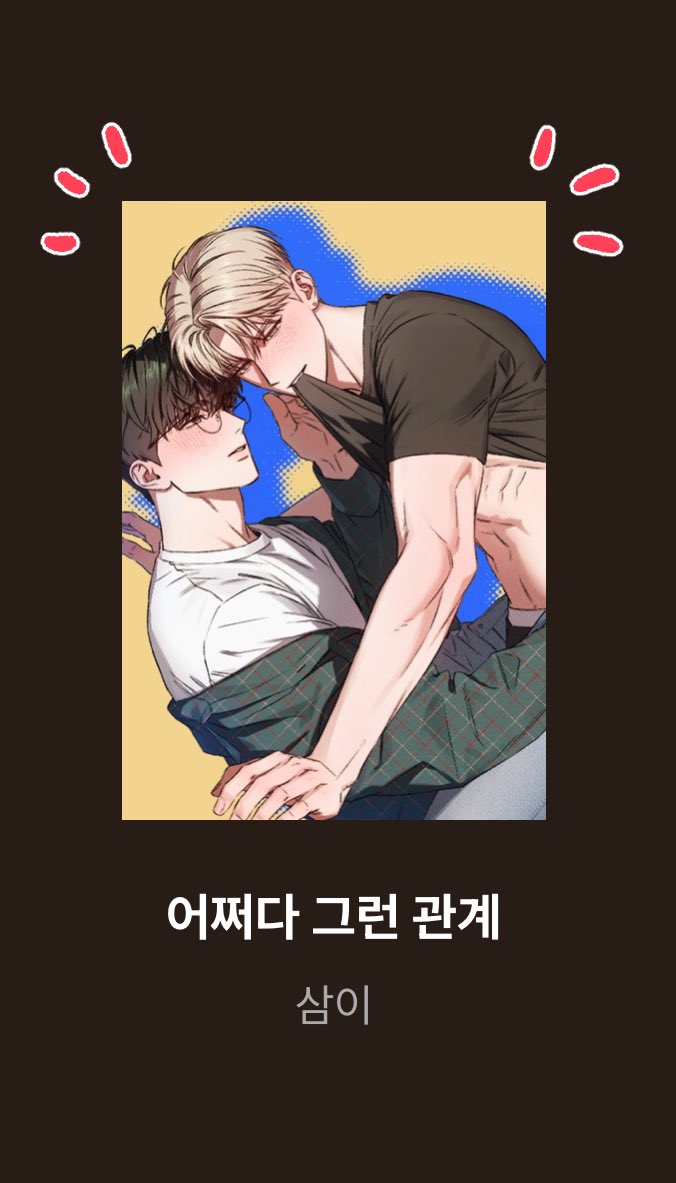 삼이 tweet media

---

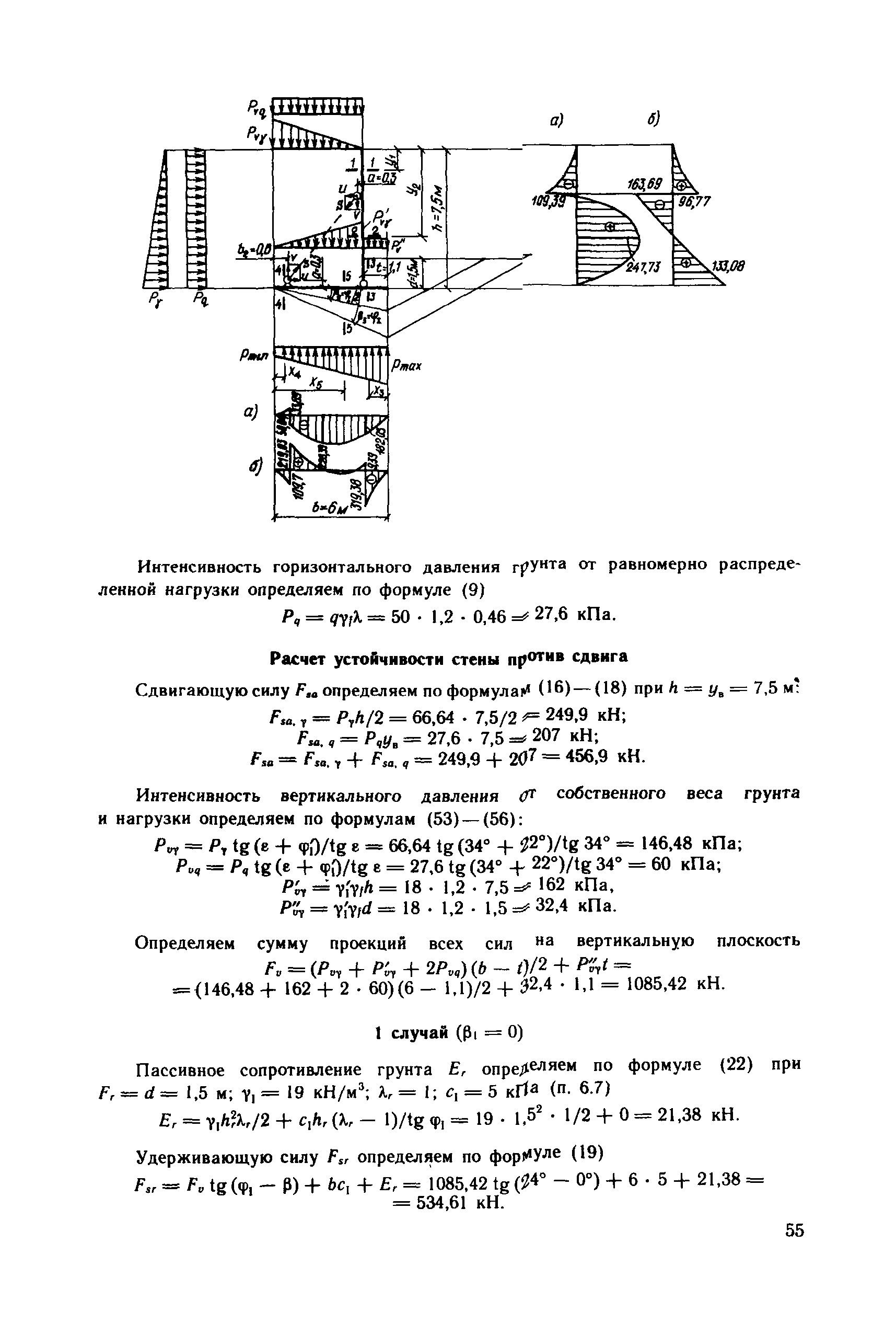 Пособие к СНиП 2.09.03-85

--

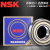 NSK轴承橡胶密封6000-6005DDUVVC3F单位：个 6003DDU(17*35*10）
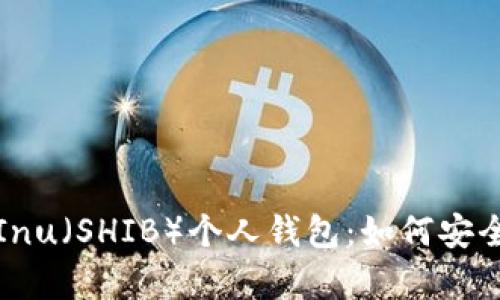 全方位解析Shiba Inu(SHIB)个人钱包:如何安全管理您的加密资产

# PROBLEM TO SOLVE
In the data above, find the line containing "NSK轴承橡胶密封6000-6005DD" and the line containing "全方位解析Shiba Inu(SHIB)个人钱包:如何安全管理您的加密资产". Copy exactly the stretch from the first through the second, both included, leaving out any picture.

# YOUR SOLUTION
 NSK轴承橡胶密封6000-6005DDUVVC3F单位：个 6003DDU(17*35*10）
 全方位解析Shiba Inu(SHIB)个人钱包:如何安全管理您的加密资产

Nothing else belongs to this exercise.